About the job
Mithril develops AI infrastructure aimed at making GPU computing more accessible and affordable for enterprises, AI startups, and researchers. Clients include LG AI Research, Saronic, and the Broad Institute. The company was founded by a former Google DeepMind research scientist and a Stanford CS PhD. Mithril has secured $80M in seed and Series A funding from Sequoia Capital and Lightspeed Venture Partners. Over the past year, platform revenue has grown more than sixfold. Fast Company recognized Mithril as the 8th Most Innovative Company in Artificial Intelligence for 2026.
The engineering team at Mithril is small, with each member making a significant impact. This Site Reliability Engineer (SRE) position is a foundational role focused on shaping how the platform scales across a multi-cloud environment.
Role overview
This SRE will play a central role in keeping Mithril's global GPU orchestration platform stable and high-performing. The responsibilities extend beyond day-to-day maintenance.
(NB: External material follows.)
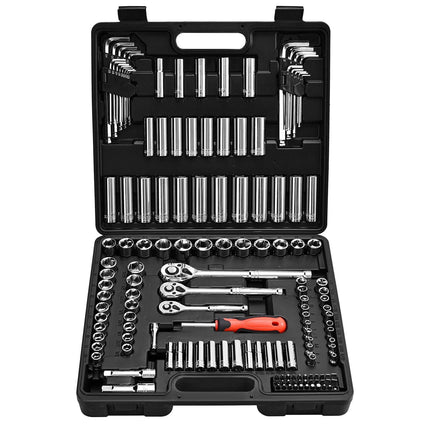 149-Piece Socket and Ratchet Set, SAE/Metric, 1/4-1/2 in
The primary focus is on designing and building automation, observability, and tooling to help manage advanced compute resources across multiple cloud providers. The goal is to ensure customers have fast and dependable access to infrastructure.
Collaboration with Mithril's founding team is central to this job. The SRE will help set service level objectives (SLOs), orchestrate capacity, and make influential infrastructure decisions, gaining visibility into both technical and commercial aspects of the business.
What makes this SRE role unique
This position differs from many early-stage SRE roles that focus mainly on on-call rotations and incident response. Here, the emphasis is on building infrastructure that actively shapes Mithril's marketplace. The systems developed will determine how supply is sourced, allocated, and monitored across providers, directly affecting customer experience and company revenue.
The role offers genuine ownership, a fast feedback loop with leadership, and the opportunity to define how infrastructure engineering evolves as Mithril grows.
Core responsibilities
About 70–75% of the work centers on platform reliability and infrastructure automation.
Reliability & SLOs
- Implement and manage service level indicators (SLIs) and service level objectives (SLOs) for Mithril's API layer and internal orchestration services to maintain high reliability and performance.